Primordials are not a security feature per se, but they do provide some protection against some classes of security issues, so the security benefit isn't nothing.
The documentation around how, why, and when to use them, and the situations where those rules can be bent or broken, are subtle and few people fully understand them (especially new contributors). Eg, when it says they shouldn't be used on "hot paths", or that sometimes reliability is more important than performance, ok, how is that determined? How hot is "hot"?

I don't know of any alternative way to achieve the goals, but there are things that could maybe be explored to reduce the costs, which I've heard suggested before:

Develop a transpiler that turns "normal" JS into primordial-ized JS with a build tool. No small task, but something that could be done entirely on node's side.
Work with the V8 team (or even TC39) to develop an API or language feature to defend against intrinsic object mutation. Many more stakeholders, unbounded time to delivery.
Increase coverage of benchmark testing, establish objective documented criteria for exactly how hot-path something must be to justify using primordials, and enforce this with CI tooling, so at least primordial usage is clear and minimized as much as possible.
Accept that if someone breaks their platform, then their platform will be broken, and just stop using primordials. This doesn't provide the value that primordials provides, but omg, so cheap and easy, zero maintenance at all.

Primordials are a low-value local-maximum solution; just good enough to keep better solutions from being explored, but not actually very good. None of the better solutions are particularly easy or satisfying, either, so the moat around it is deep.

ljharb commented 1 year ago

I'd also like to note that I have been pursuing multiple proposals, over years, and with years to come, with the goal of making primordial-esque safety much more ergonomic for JS developers - and I've used (and will be using) node's primordials (and their UX difficulties) as a big part of the motivation.

In other words, I don't think this primordials approach is going to be necessary in node forever, but I think it should remain until there's a better option.

aduh95 commented 1 year ago

@isaacs I mostly agree with your summary and think it represents the opinion of the majority fairly.
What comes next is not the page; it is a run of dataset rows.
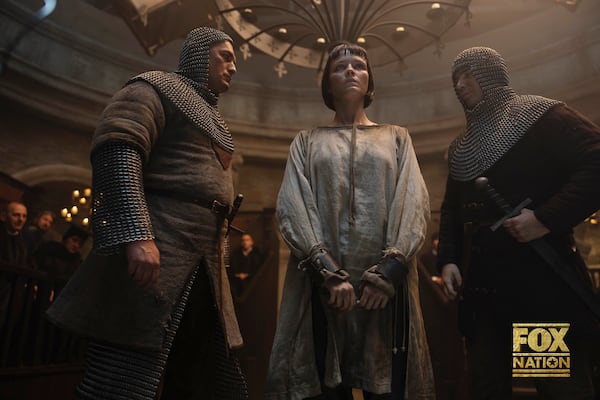 This image released by Fox Nation shows Liah O'Prey as Joan of Arc, center, in a scene from "Martin Scorsese Presents: The Saints," a new docudrama series by Martin Scorsese. (Slobodan Pikula/Fox Nation via AP)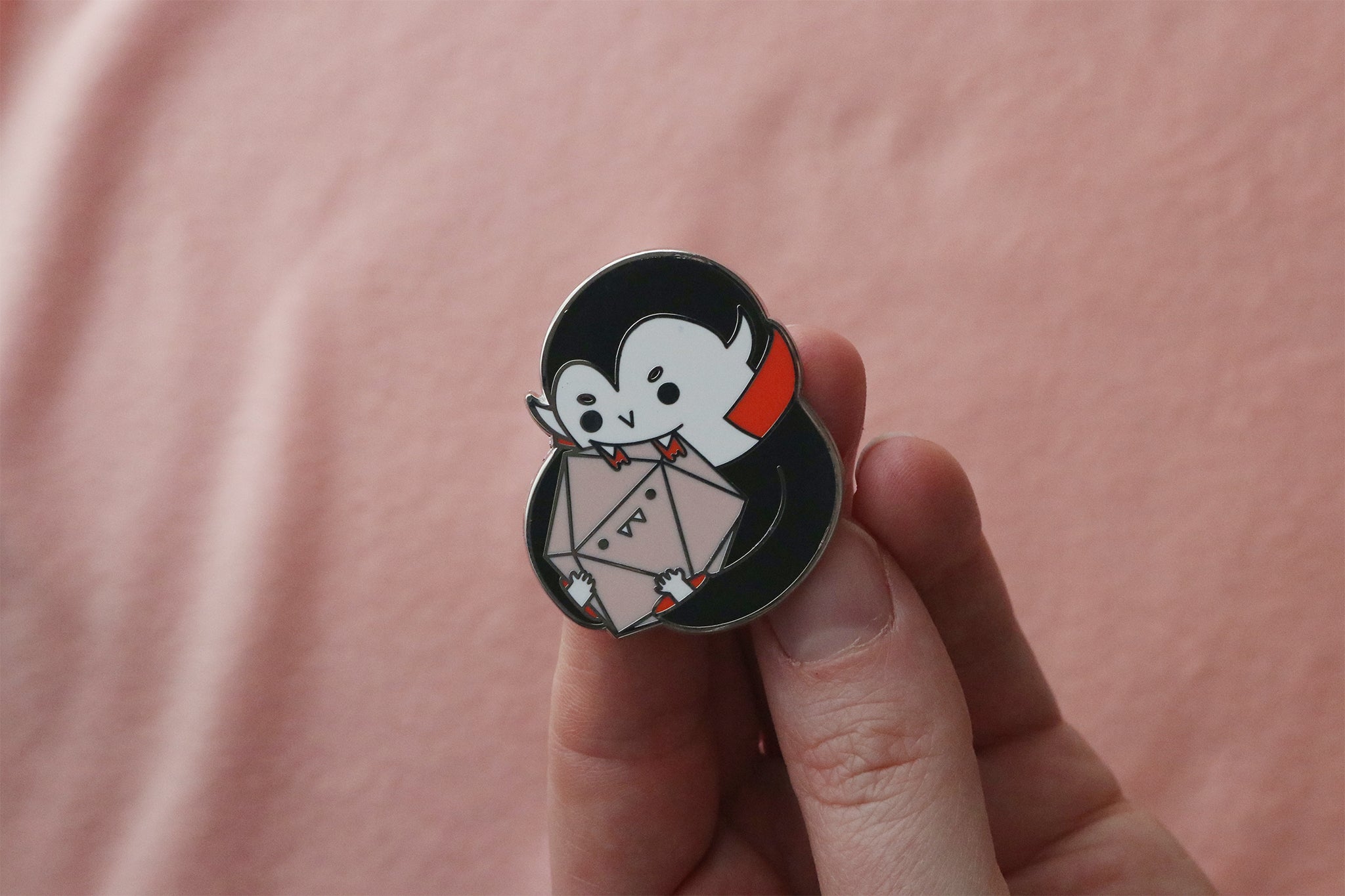 Vampire D20 enamel pin held between fingers showing size and detail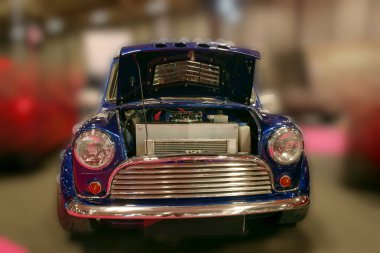 Şehirdeki bir otomobil fuarında kaputu açık duran klasik bir mini araba. Ziyaretçiler olayın canlı atmosferinin tadını çıkarırken motoru gözlemliyorlar.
If I may, I'd like to note a few things regarding your suggestions:

Develop a transpiler that turns "normal" JS into primordial-ized JS with a build tool. No small task, but something that could be done entirely on node's side.

I don't think it's achievable, otherwise we would have done it. It might possible with some stricter variant of TypeScript, but inferring from "normal" JS what primordials to use is not possible.

Work with the V8 team (or even TC39) to develop an API or language feature to defend against intrinsic object mutation. Many more stakeholders, unbounded time to delivery.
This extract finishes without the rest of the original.